Response to rate control therapy

‘Responders’ were prospectively defined as patients who achieved adequate rate control, meeting the Atrial Fibrillation Follow-up Investigation of Rhythm Management (AFFIRM) study criteria: average HR ≤ 80 beats per minute (bpm) at rest and maximum HR ≤ 110 bpm during a 6-minute or average HR during 24-h ambulatory Holter monitoring (ECG) ≤100 beats/min (at least 18 h of interpretable monitoring) and no HR >110% maximum predicted age-adjusted exercise HR (13). ‘Non-responders’ were patients who failed to meet the AFFIRM criteria necessitating addition of an anti-arrhythmic drug (AAD) or non-pharmacologic therapies such as AV node ablation and pacemaker implantation in 6 months from study entry.

Determination of β1-AR genotypes

ADRB1 genotyping for the Arg389Gly and Ser49Gly variants was performed by laboratory personnel who had no knowledge of the response to rate control therapy. Genomic deoxyribonucleic acid was isolated from whole blood by a commercial kit (Purgene; Gentra Systems, Minneapolis, MN). Genotyping was performed for rs1801252 C>G (Ser49Gly) and rs1801253 A>T (Arg389Gly) using a TaqMan assay (Applied Biosystems, Inc., Foster City, CA) as previously described (14).

Statistical analysis

All data are expressed as mean ± standard deviation. Chi-square analysis or Fisher exact test was performed on discrete variables and Mann-Whitney U test on continuous variables. After applying quality control criteria to the genotypic data, Hardy Weinberg equilibrium was assessed. Due to expected low numbers, homozygous variants (Gly49 and Gly389) were pooled with respective heterozygous variants to formulate a cumulative group of carriers of minor allele, which were defined a priori. Logistic regression with dominant, additive and recessive modeling was performed on response to therapy and ADRB1 polymorphisms to determine odds ratio (OR) and adjusted for age and gender. Statistical significance was defined as a two sided P<0.05. Statistical analysis was performed with PLINK and PASW Statistics software (version 18.0.0).
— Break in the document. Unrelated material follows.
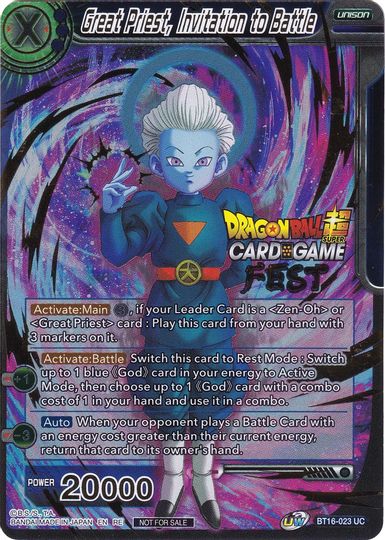 Great Priest, Invitation to Battle (Card Game Fest 2022) (BT16-023) [Tournament Promotion Cards] | Arkham Games and Comics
Haplotypes were estimated using the two SNPs by applying standard E-M algorithms and measured for degree of Linkage Disequilibrium (LD) represented by r2. For drug-group distribution analysis, we considered atenolol, carvedilol, metoprolol and propranolol from β-blockers (BB), diltiazem and verapamil from calcium channel blockers (CCB) and digoxin. Given the various types of BB that can be used in the clinical setting, for drug-haplotype distribution among responders, we considered the most commonly prescribed BB and CCB in our study defined a priori for the final analysis. All drug doses are expressed as milligrams per day (mg) representing the final total mean medication dose required for ventricular rate control AF.

Results

A total of 587 patients were enrolled over a 36-month period. Forty-four subjects were non-Caucasians (37 African Americans and 7 Asians) and hence excluded from the analysis.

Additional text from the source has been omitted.